Transcribe everything in the listing as written, and let no image into the copy.

*** MATERIAL PROVIDED ***

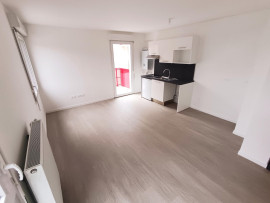 
                                                                                        Location
                                                                                         Appartement neuf, 1 chambre, Amiens Sud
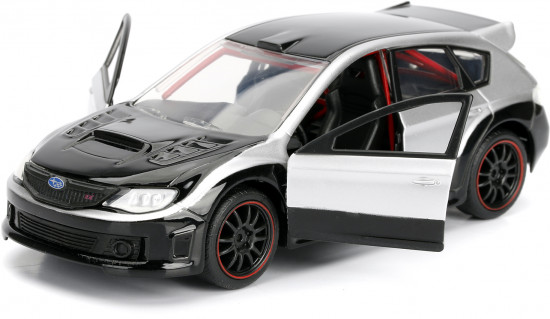 Машина коллекционная «Brian's Subaru WRX Hattchback»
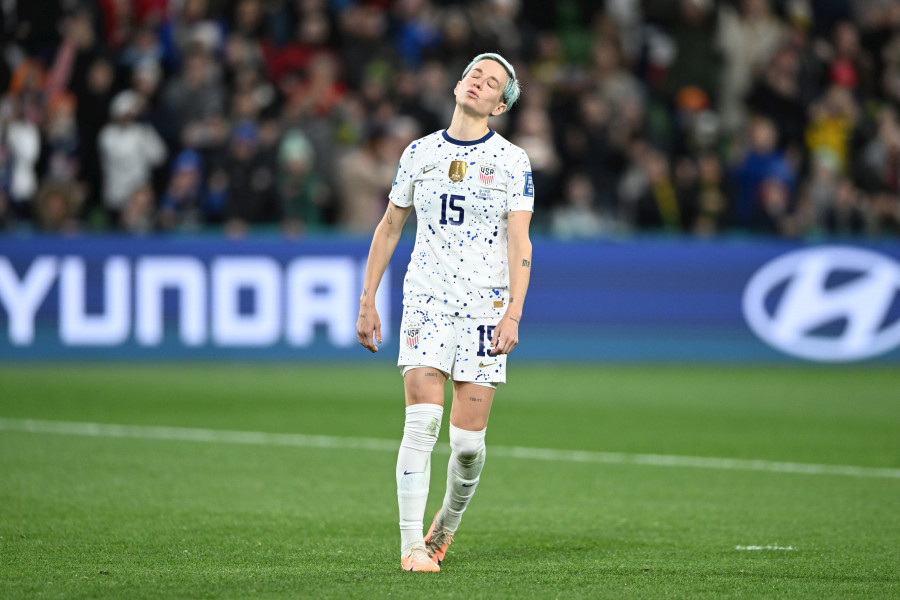 Estados Unidos cae eliminada ante Suecia en el Mundial de Fútbol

***

**SOLVED PROBLEM**
                                                                                        Location
                                                                                         Appartement neuf, 1 chambre, Amiens Sud
 Машина коллекционная «Brian's Subaru WRX Hattchback»
 Estados Unidos cae eliminada ante Suecia en el Mundial de Fútbol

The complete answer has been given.